Work task: Where the line containing "Next is mass" appears below, begin there and reproduce each line exactly through the last one, omitting pictures.

Data in this exercise below:

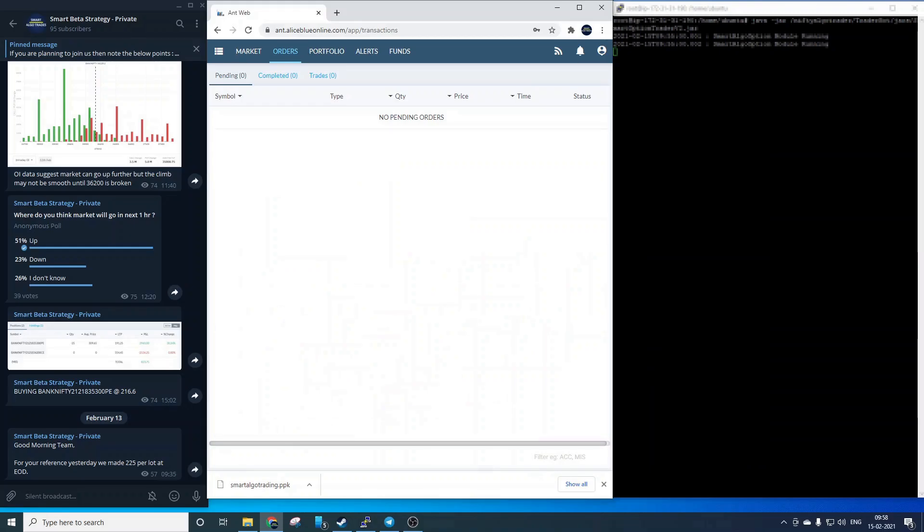Hello everyone, I am Vikram from Smart AlgoTrades and today in this video we will show a 5 hour long trading session which we have fast forwarded at multiple times.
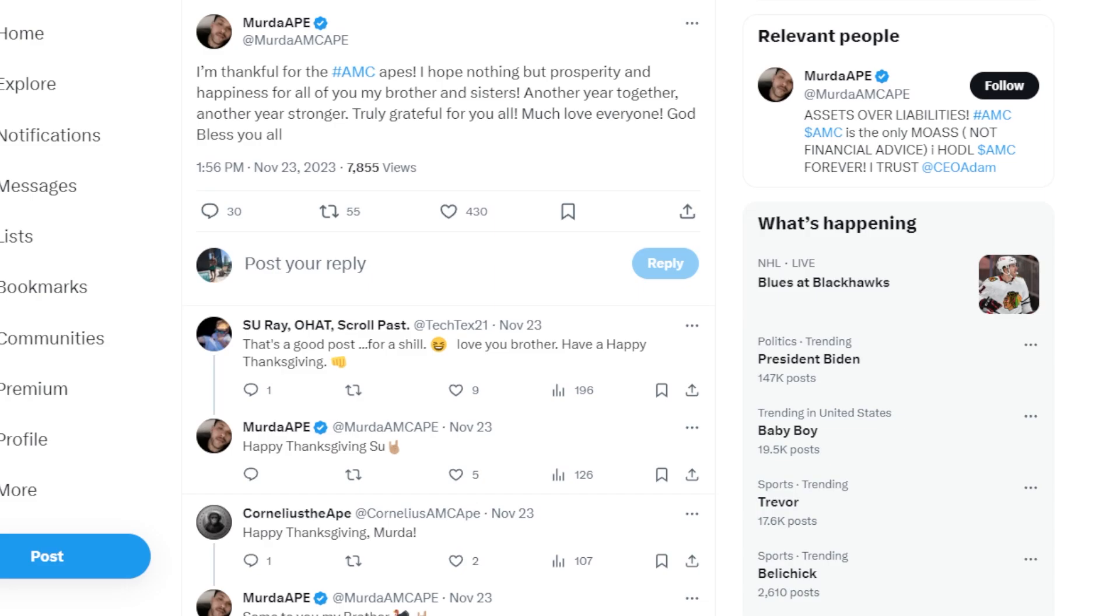This Ape said, I'm thankful for the AMC Apes, and I hope nothing but prosperity and happiness for all of my brothers and sisters. Another year together, another year stronger. Truly grateful for all of you. Much love, everyone. God bless you all. Very well said. I'm thankful for all of you.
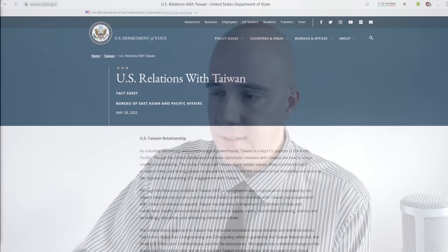Let's see what the United States says about this. This is from the official United States Department of State website, state.gov. U.S. relations with Taiwan. This was last updated on May 28, 2022, and it says, The United States' approach to Taiwan has remained consistent across decades and administrations. The United States has a long-standing one-China policy, which is guided by the Taiwan Relations Act, the three U.S.-China joint communiques, and the six assurances. We oppose any unilateral changes to the status quo from either side. We do not support Taiwan independence, and we expect cross-straight differences to be resolved by peaceful means.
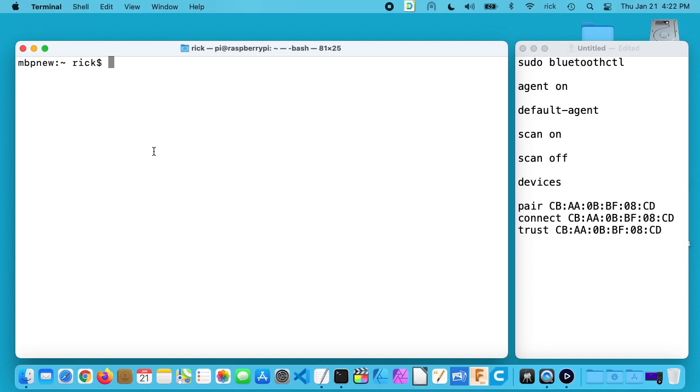Welcome. In this video I'm going to go over the procedure for connecting up a Bluetooth keyboard and mouse to a Raspberry Pi computer.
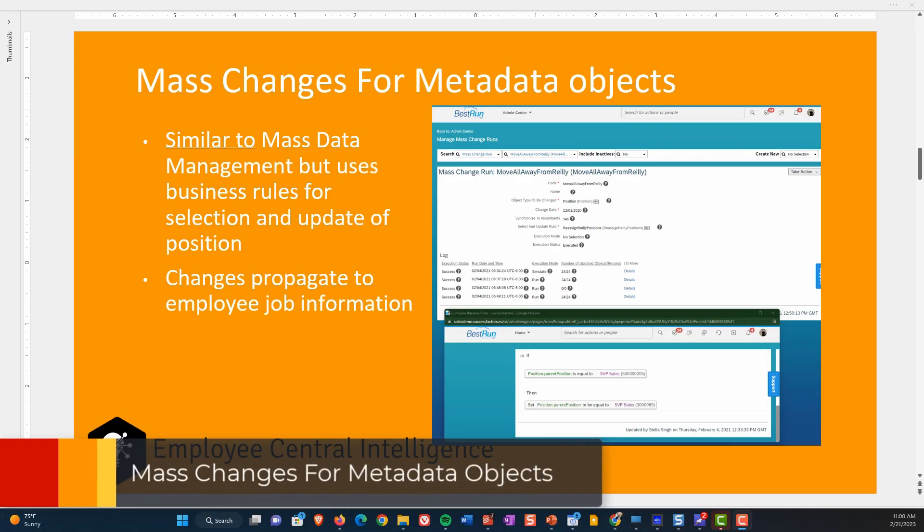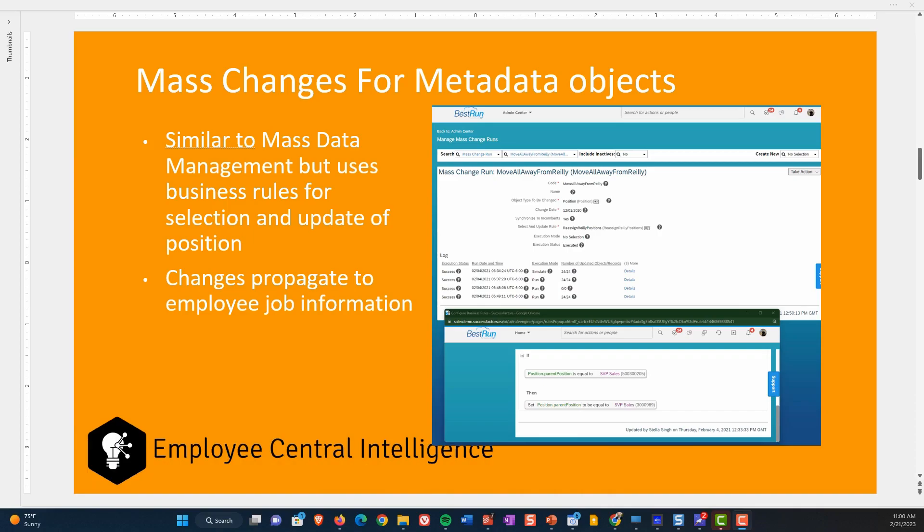Next is mass changes for metadata objects. This tool existed before mass data management, and I suspect customers came back to SAP saying it was too complicated for end users and asked for something simpler — that's where mass data management came from. But mass changes for metadata objects is actually more powerful. The difference is it uses business rules for determining which positions need to be updated and what attributes need to be updated. Changes made to positions will update onto the employee's record.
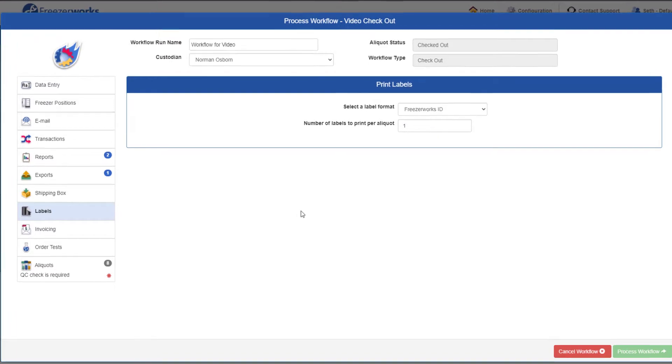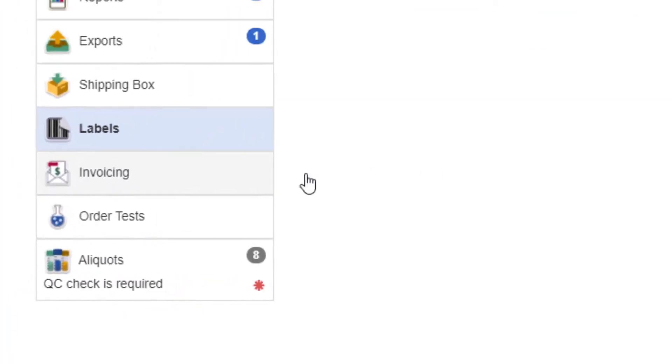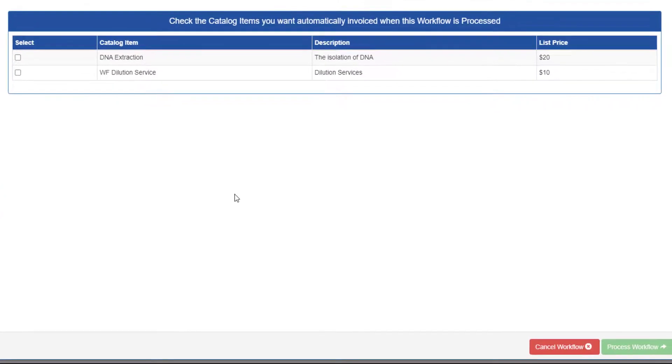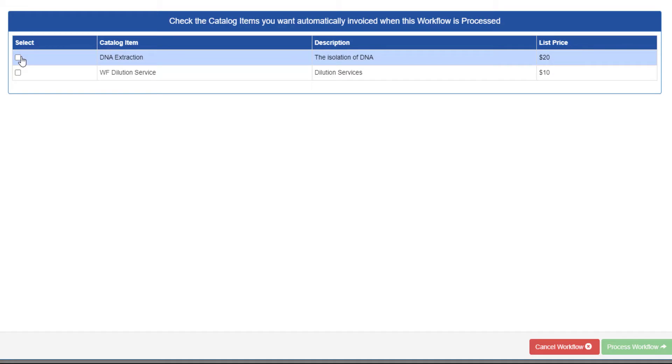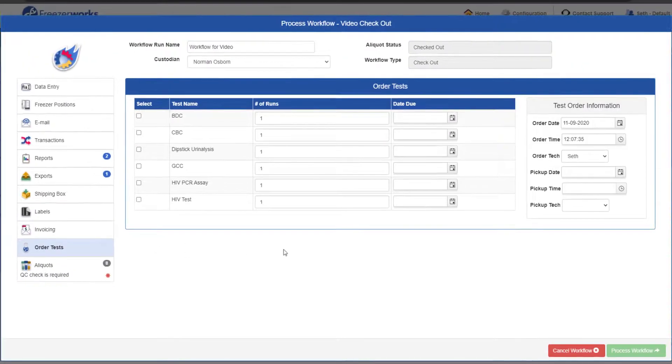Now, if you are using Summit or Pinnacle, you may also see the order tests and invoicing pages. For invoicing, simply check the catalog items you want charged for all the aliquots you're processing. However, aliquots must already be associated with a customer in order for workflow charges to appear on an invoice.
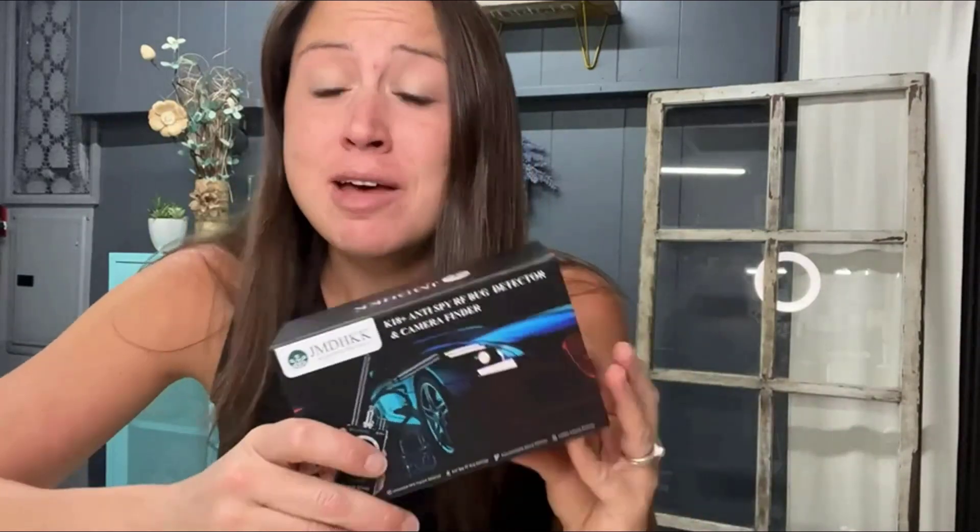Hi today we are looking at this K18 Plus anti-spy RF bug detector and camera finder. This is good if you are worried about your privacy, maybe you have stalkers that are worrying you or anything like that.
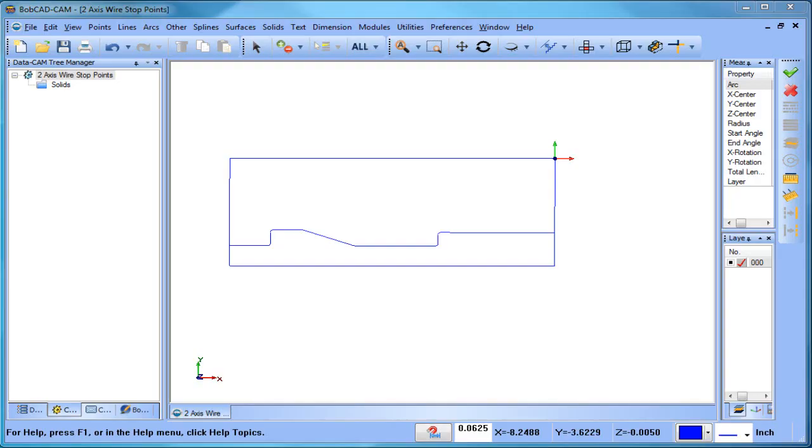Hey everybody, it's Al with BobCAD. So today I want to talk about using stop points for your two-axis wire programming.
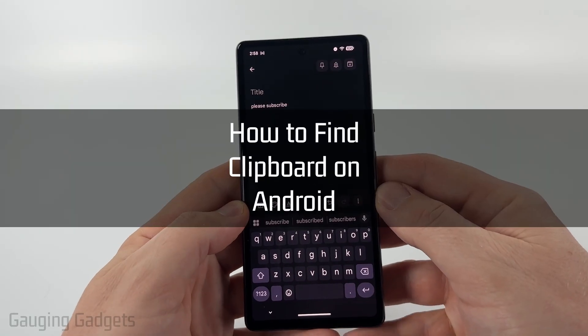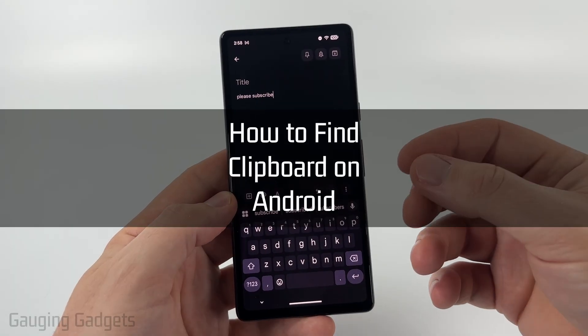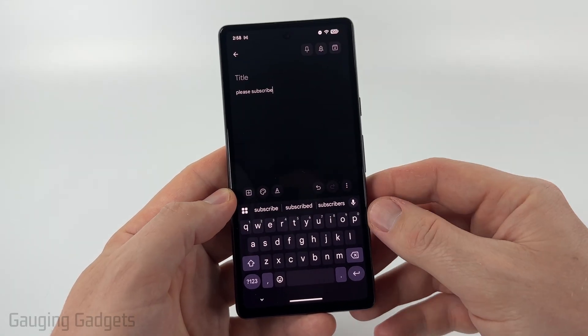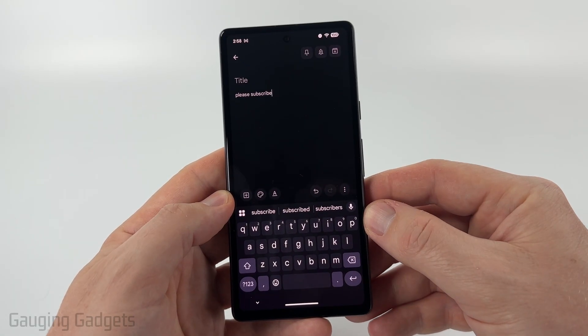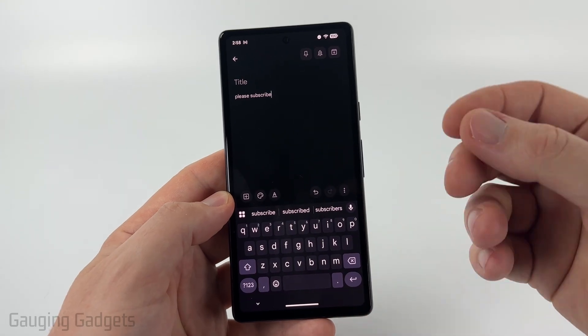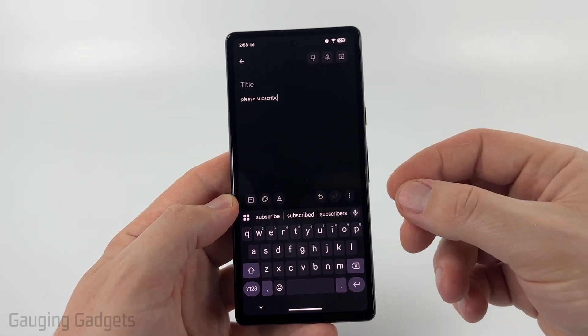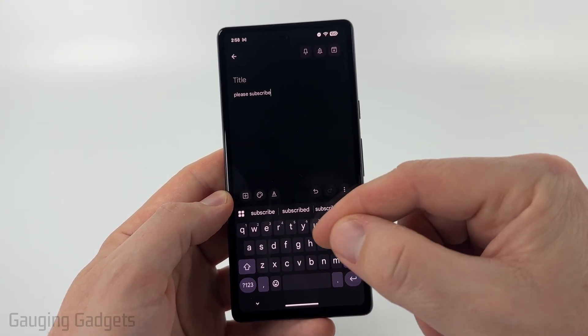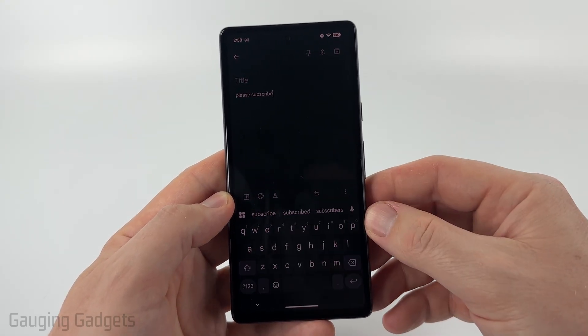How to find the clipboard on your Android phone. In this video, I'm going to show you how to easily find the clipboard on your Android phone so that you can view the history of everything that was copied on the keyboard on your Android phone.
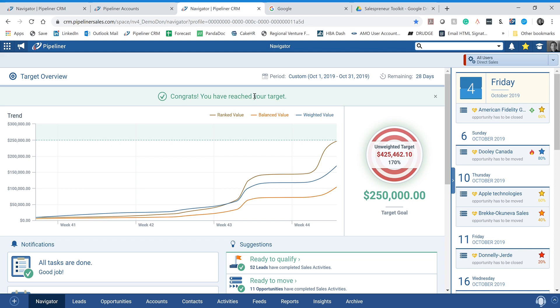Hello again, salespreneurs. This is Don Aroldi from Pipeliner here today to give you a training session on how you properly input new leads into Pipeliner.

End of Data in this exercise.

Your response:
Next is mass changes for metadata objects. This tool existed before mass data management, and I suspect customers came back to SAP saying it was too complicated for end users and asked for something simpler — that's where mass data management came from. But mass changes for metadata objects is actually more powerful. The difference is it uses business rules for determining which positions need to be updated and what attributes need to be updated. Changes made to positions will update onto the employee's record.
Now, if you are using Summit or Pinnacle, you may also see the order tests and invoicing pages. For invoicing, simply check the catalog items you want charged for all the aliquots you're processing. However, aliquots must already be associated with a customer in order for workflow charges to appear on an invoice.
Hi today we are looking at this K18 Plus anti-spy RF bug detector and camera finder. This is good if you are worried about your privacy, maybe you have stalkers that are worrying you or anything like that.
Hey everybody, it's Al with BobCAD. So today I want to talk about using stop points for your two-axis wire programming.
How to find the clipboard on your Android phone. In this video, I'm going to show you how to easily find the clipboard on your Android phone so that you can view the history of everything that was copied on the keyboard on your Android phone.
Hello again, salespreneurs. This is Don Aroldi from Pipeliner here today to give you a training session on how you properly input new leads into Pipeliner.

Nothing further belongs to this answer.